Building from Formalism, Yeardley Leonard lends modernist eye to architectural landscape
“In the Garden” (2004), an acrylic on canvas, juxtaposes citric yellows with powder blue squares which coalesce toward the center forming an almost digitized abstract portrait. With a slight shift to rectilinear lavender and yellow color patches in “Almost There” (2004) Leonard builds modernist concerns from an architectural landscape. In “Practice Resurrection” (2004) interlocking forms of purples, creams, yellows, and greens flatten out across the planar surface forcing it to be read as an all over image and calling attention to it object qualities. “Wait For Me” (2004), a yellow and purple long rectangular painting, works best in its balance of an interior/ exterior spatial reading and its pluralistic plastic values.
Formalist ideas are not new, but Leonard’s feminization of a male apollonian format builds a heterogeneous tension whose contradictions are systematically released through visual rhythms and the flickering of light. Visual hums of planar relationships are successfully reached by the push-pull tension of varying values of chromatic concerns slowly unfolding against the context of dimishing time. With the seduction achieved with the repetition and movement of familiar forms, a depth of visual meditation is achieved.

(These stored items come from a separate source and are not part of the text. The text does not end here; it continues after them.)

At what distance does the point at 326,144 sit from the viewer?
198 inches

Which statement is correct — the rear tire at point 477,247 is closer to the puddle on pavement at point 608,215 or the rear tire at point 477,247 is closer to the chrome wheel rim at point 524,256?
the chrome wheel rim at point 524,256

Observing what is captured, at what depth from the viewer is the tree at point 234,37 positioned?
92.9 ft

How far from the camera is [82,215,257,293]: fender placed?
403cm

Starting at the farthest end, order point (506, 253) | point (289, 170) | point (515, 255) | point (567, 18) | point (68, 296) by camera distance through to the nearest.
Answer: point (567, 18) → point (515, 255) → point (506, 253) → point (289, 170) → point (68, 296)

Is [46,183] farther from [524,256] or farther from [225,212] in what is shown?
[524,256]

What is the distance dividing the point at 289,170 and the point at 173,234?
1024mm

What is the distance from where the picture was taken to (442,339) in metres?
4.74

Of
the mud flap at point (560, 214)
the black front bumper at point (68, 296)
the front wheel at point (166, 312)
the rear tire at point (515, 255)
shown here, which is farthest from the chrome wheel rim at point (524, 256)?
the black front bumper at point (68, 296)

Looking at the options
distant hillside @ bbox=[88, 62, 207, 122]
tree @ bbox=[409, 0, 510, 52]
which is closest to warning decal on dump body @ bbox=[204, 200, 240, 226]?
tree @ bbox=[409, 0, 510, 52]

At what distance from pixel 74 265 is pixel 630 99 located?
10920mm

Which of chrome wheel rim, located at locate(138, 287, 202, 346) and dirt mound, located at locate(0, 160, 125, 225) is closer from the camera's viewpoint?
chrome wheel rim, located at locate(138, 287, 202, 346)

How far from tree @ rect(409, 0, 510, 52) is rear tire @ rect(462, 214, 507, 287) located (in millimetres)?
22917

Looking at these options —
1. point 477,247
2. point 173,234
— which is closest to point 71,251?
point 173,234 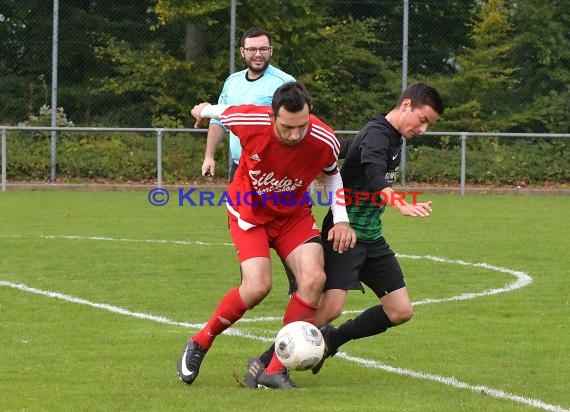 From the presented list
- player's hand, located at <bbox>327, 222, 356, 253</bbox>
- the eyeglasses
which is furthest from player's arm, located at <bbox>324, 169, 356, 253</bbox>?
the eyeglasses

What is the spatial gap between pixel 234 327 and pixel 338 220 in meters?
2.09

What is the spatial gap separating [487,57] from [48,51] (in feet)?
30.6

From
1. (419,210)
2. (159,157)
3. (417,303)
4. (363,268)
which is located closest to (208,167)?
(363,268)

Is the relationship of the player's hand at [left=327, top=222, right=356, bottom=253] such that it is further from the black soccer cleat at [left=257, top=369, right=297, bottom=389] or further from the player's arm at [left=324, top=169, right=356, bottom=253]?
the black soccer cleat at [left=257, top=369, right=297, bottom=389]

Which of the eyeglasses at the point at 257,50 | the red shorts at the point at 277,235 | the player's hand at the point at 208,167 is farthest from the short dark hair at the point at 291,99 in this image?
the eyeglasses at the point at 257,50

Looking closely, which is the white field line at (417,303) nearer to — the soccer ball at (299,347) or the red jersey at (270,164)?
the soccer ball at (299,347)

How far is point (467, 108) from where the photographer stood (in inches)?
1017

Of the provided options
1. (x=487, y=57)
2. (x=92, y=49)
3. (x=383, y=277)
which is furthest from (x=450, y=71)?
(x=383, y=277)

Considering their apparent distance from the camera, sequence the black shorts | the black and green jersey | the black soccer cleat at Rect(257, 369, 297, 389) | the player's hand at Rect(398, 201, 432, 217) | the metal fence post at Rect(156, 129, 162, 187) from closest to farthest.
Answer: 1. the player's hand at Rect(398, 201, 432, 217)
2. the black soccer cleat at Rect(257, 369, 297, 389)
3. the black and green jersey
4. the black shorts
5. the metal fence post at Rect(156, 129, 162, 187)

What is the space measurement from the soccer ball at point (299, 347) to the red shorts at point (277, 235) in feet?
1.50

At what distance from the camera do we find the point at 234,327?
8.41 m

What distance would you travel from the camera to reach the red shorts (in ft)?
21.5

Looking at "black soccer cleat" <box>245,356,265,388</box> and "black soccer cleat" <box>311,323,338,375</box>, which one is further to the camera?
"black soccer cleat" <box>311,323,338,375</box>

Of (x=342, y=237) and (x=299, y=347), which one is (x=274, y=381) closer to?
(x=299, y=347) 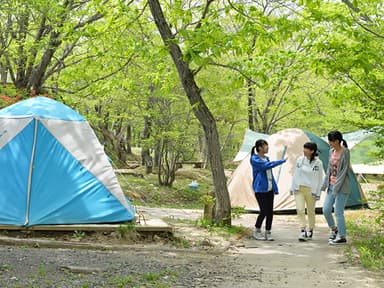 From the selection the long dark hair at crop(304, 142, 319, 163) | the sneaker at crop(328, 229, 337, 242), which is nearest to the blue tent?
the long dark hair at crop(304, 142, 319, 163)

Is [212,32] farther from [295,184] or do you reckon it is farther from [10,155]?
[10,155]

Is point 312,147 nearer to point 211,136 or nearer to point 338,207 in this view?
point 338,207

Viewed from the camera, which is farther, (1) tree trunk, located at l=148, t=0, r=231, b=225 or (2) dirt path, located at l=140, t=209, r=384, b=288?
(1) tree trunk, located at l=148, t=0, r=231, b=225

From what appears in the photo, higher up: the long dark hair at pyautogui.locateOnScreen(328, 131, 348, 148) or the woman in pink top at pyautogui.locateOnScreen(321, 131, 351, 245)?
the long dark hair at pyautogui.locateOnScreen(328, 131, 348, 148)

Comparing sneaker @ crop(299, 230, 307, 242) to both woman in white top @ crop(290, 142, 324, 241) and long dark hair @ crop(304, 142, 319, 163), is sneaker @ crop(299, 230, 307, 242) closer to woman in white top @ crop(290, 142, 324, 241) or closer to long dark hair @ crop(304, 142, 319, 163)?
woman in white top @ crop(290, 142, 324, 241)

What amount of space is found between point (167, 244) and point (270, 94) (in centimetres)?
1670

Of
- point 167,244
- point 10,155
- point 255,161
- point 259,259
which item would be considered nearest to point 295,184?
point 255,161

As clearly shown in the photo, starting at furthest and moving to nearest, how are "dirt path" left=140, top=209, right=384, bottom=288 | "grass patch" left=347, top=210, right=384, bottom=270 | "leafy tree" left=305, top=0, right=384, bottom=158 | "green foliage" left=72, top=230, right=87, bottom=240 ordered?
"leafy tree" left=305, top=0, right=384, bottom=158 → "green foliage" left=72, top=230, right=87, bottom=240 → "grass patch" left=347, top=210, right=384, bottom=270 → "dirt path" left=140, top=209, right=384, bottom=288

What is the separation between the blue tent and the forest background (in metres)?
1.76

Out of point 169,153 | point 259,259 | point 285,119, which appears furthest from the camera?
point 285,119

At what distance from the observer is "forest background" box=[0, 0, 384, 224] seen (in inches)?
301

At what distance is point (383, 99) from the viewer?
730 cm

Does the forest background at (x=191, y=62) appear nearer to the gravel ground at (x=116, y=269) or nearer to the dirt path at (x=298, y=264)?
the dirt path at (x=298, y=264)

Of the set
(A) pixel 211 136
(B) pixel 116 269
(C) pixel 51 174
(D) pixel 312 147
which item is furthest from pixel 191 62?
(B) pixel 116 269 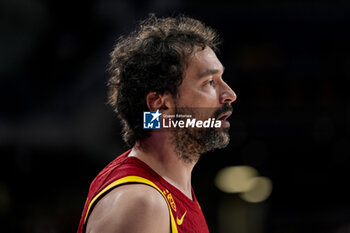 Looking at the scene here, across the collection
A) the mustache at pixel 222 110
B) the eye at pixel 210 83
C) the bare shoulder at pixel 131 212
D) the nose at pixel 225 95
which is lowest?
the bare shoulder at pixel 131 212

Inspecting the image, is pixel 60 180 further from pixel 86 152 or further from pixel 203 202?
pixel 203 202

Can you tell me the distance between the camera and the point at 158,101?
2.31 metres

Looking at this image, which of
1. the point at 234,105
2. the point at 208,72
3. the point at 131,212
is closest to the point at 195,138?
the point at 208,72

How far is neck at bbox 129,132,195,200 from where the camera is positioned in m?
2.27

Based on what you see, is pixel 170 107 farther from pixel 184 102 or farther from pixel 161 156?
pixel 161 156

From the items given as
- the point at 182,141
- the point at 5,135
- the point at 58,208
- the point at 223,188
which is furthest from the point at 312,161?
the point at 182,141

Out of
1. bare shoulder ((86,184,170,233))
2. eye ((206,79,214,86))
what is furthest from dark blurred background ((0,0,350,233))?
bare shoulder ((86,184,170,233))

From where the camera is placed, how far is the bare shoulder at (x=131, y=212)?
1765 millimetres

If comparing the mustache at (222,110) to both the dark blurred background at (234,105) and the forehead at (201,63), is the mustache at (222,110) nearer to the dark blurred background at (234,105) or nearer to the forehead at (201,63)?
the forehead at (201,63)

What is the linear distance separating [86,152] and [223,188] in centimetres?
425

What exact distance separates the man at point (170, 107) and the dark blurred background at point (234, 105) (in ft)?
19.6

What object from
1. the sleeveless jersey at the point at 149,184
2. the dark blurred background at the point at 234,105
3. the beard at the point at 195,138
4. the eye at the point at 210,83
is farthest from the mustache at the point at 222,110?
the dark blurred background at the point at 234,105

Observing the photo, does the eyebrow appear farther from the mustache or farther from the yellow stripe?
the yellow stripe

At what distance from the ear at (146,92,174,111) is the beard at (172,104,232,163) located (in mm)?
53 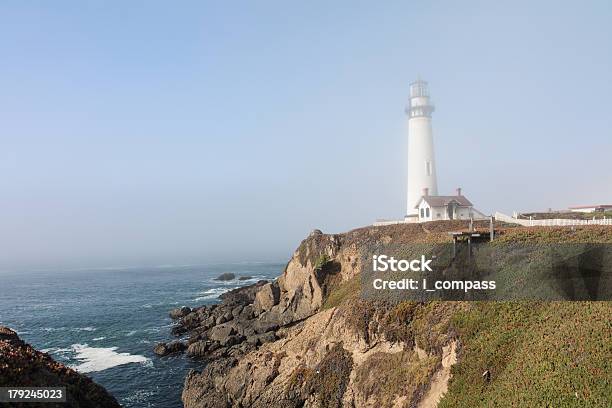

Unlike formalism, the referential cosmetic color and the refusal of flatness employed here create an illusion pointing us to images whether they be digitized virtual locations, visions of high-end suburban strip mall shopping spaces, or the simulacrum of a modernist painting. These paintings balance questions of empty signifiers and decorous influence with highly educated choices of craft, objectification and the current concerns within the hegemony of painting.